Around TownWE'RE NOT NO. 1? ... The numbers are in, and it's one of those half-full, half-empty situations: Palo Alto trails behind Bethesda, Md., and Greenwich, Conn., in CNN Money Magazine's 2010 list of "top-earning towns." "Palo Alto is awash in high-tech prosperity. Stanford professors, Facebook engineers and venture capitalists are neighbors in this Silicon Valley town," the magazine said. Median family income here is $153,615, and the median home price is $1,180,000, the magazine said. In Bethesda, home of many federal government employees and Washington D.C.-area professionals, median family income is $172,541, but homes cost less — $725,000 is the median price. In New York City's tony bedroom community of Greenwich, median family income is $164,807 and the median home price is $997,498. Behind Bethesda, Greenwich and Palo Alto in the top-10 list are Newport Beach, Calif., Lower Merion, Pa., Newton, Mass., Fairfield, Conn., Greenburgh, N.Y., Burke, Va., and Naperville, Ill.

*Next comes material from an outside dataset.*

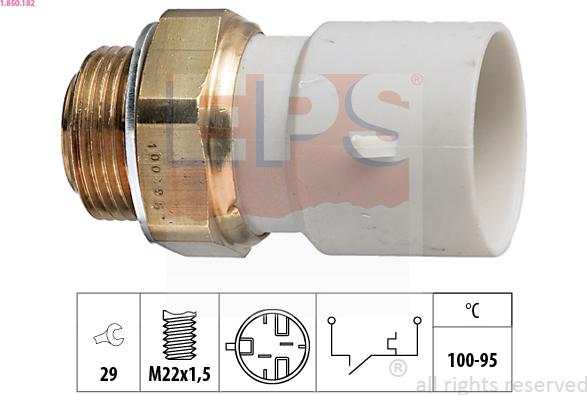 EPS 1.850.182 - Temperatur açarı, radiator/kondisioner ventilyatoru furqanavto.az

HAIL TO THE CHIEF ... As a young man, Nick Marinaroconsidered careers as an attorney, a doctor and a professional golfer before he chose to become a firefighter. Marinaro, who retired last month as Palo Alto's fire chief, said he's had no regrets about his career decision. "You never know where the winds of fate will carry you," Marinaro said at Monday night's City Council meeting, minutes after the council passed a resolution in his honor. "If I had to do it all over again, I'd want to be a professional firefighter." Marinaro began his firefighting career at Stanford University, before Stanford's department merged with Palo Alto's. He has spent 37 years in the two departments and served as a firefighter, a paramedic, a fire marshal and a deputy chief before taking over the chief's position in Palo Alto 5 1/2 years ago. On Monday, the soft-spoken and always amiable Marinaro received two standing ovations from a crowd inside Council Chambers and heard Councilwoman Gail Price read a resolution praising him for providing "conscientious leadership" and "compassionate management." In his parting words to the council, Marinaro also praised the future leaders of the city's Fire Department. "I hope the painstaking effort our staff has taken to hire the best and the brightest will bear full fruit because they will be the future of the organization," Marinaro said. "I'm confident that will be the case."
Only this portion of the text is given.